Welcome to the latest installment in my series on caring for vintage, this time it's the ever-so glamorous topic of bad odors.
Sweat odors from way back, musty basements, great-aunt Martha's mothballs, and the fact that just about everyone smoked—all contribute to the smells you sometimes find in vintage.
The vintage care advice I've been posting is coming soon to my book, so I'd love your feedback if you agree, disagree, or have further recommendations. The care section of this book is the hardest for me, and I'm always learning new things...including from you!
In my experience, almost all odors can be removed from vintage clothing except sweat odor on older (pre-1950s) vintage. It can take a very long time to remove the smells of mothballs, cigarette smoke, and mustiness, but these may be removable, with patience.
Again the caveat for my book about getting started with vintage: Don’t begin your vintage-wearing career with something that has problems, including odors. Bad smells are often harder to put up with than holes or stains.
Sometimes you will end up with a vintage piece that develops an odor, even though it came to you fine. I know I have worked to eliminate odors that snuck back after some weeks of freshening up. Other times you’ve brought the odors on yourself (Friends who smoke? Puppy not house-trained?).
It's always good to start with the easiest, cheapest solution if you can: Air and sunlight freshen clothing, and sometimes a good airing out is all a mild odor needs to disappear. Of course, if you can wash the garment, that may be all that's needed.

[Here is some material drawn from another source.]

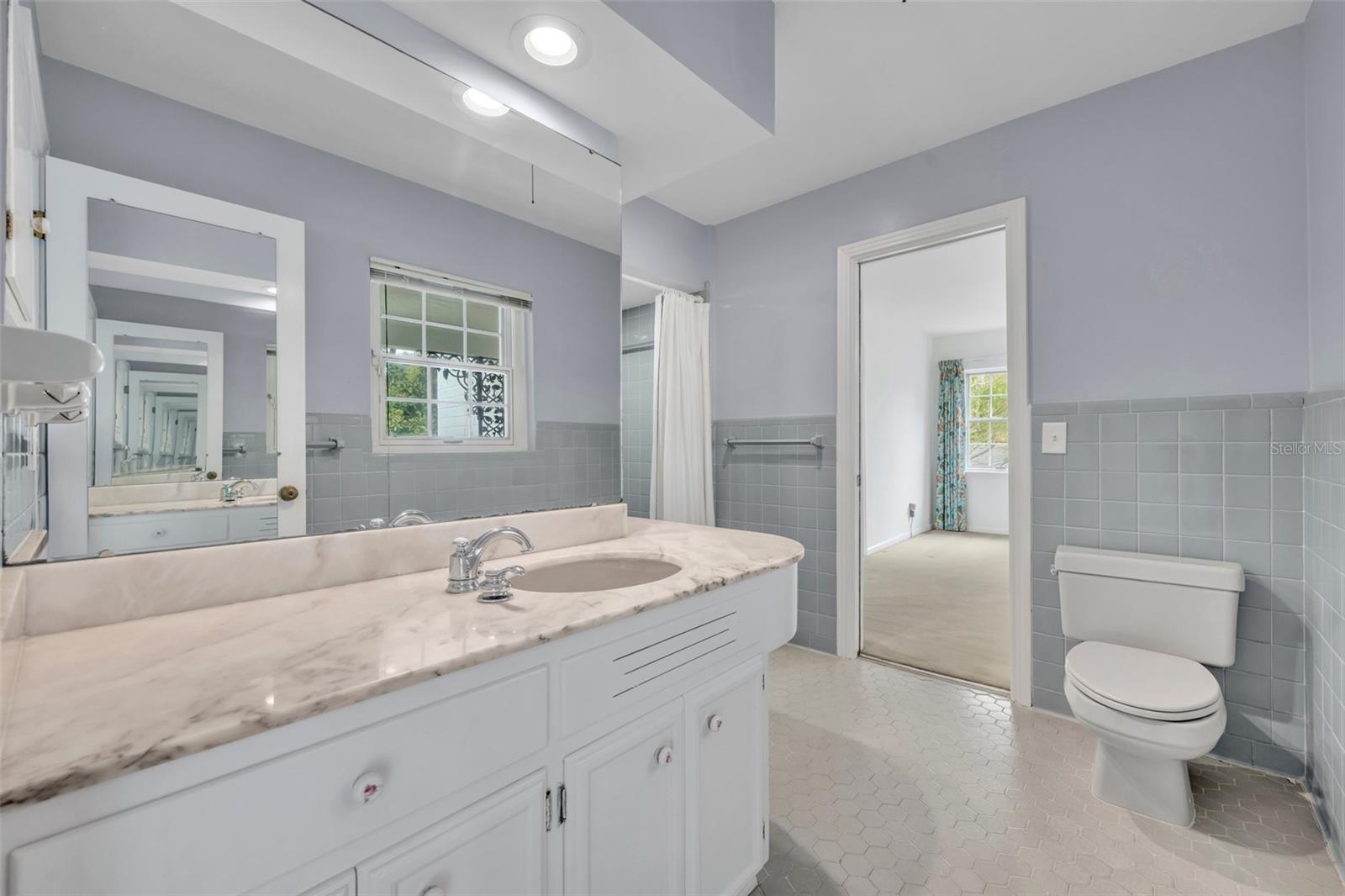 Image 18 of 38 For 2524 Shrewsbury Road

For most odors (sweat, mildew, smoke, mothballs, someone else's perfume), my number one favorite product is Zero Odor spray. I have even been able to remove 1950s-era and newer vintage sweat odors with this product, and it while it starts with a mild tracer scent, it doesn’t leave any lingering perfume-y odors behind. The makers are—I assume purposefully—vague about how their product works (it “seeks out and bonds with odor molecules”) so I can’t say what other products might work similarly.* I’ve not found anything else like it. Before you try Zero Odor on any garment, test a little in an inconspicuous place to be sure it doesn’t cause dye bleed or water staining on your fabric. The same goes for any liquid stain or odor remover. Fabrics will react differently and it’s much better to be safe than sorry.
Other odor eaters
Many swear by using a spritz of undiluted white vinegar or vodka. Both can kill the bacteria that causes sweat odors, and also mold spores. Vodka (for this grab the cheapest and highest proof) is often recommended over vinegar because it really has no odor after a very short time, as well as evaporating rapidly. Make sure you use this technique only on items that are colorfast and can accept a little moisture. My own experience with vodka is that it is quite effective for new-ish sweat odors, but even multiple sprayings haven't produced results for me on older sweat odors.
Closing your offending item in a bag or box with an odor absorber can sometimes work for mothball smells. You can use activated charcoal, kitty litter that contains charcoal, baking soda, or even coffee beans. What I've done is sprinkle some of the odor absorber in the bottom of a garment bag with the garment. One of my experiments produced results on a strong mothball odor over the course of about three months, so patience may be needed.
For smoke from cigarettes or fires, I have successfully had batches of clothing deodorized with ozone treatment, available at some dry cleaners. It takes between a few hours and a few days, but it does oxidize and destroy smoke odor. I have even had this work on a collection of Victorian and Edwardian clothing and accessories that had been in a house of chain smokers for decades.
I hope this helps, and that your vintage always smells daisy fresh!
*Although there is a very helpful review of Zero Odor on Amazon.com (here), in which the reviewer explains what he has been able to figure out about its ingredients and how it works.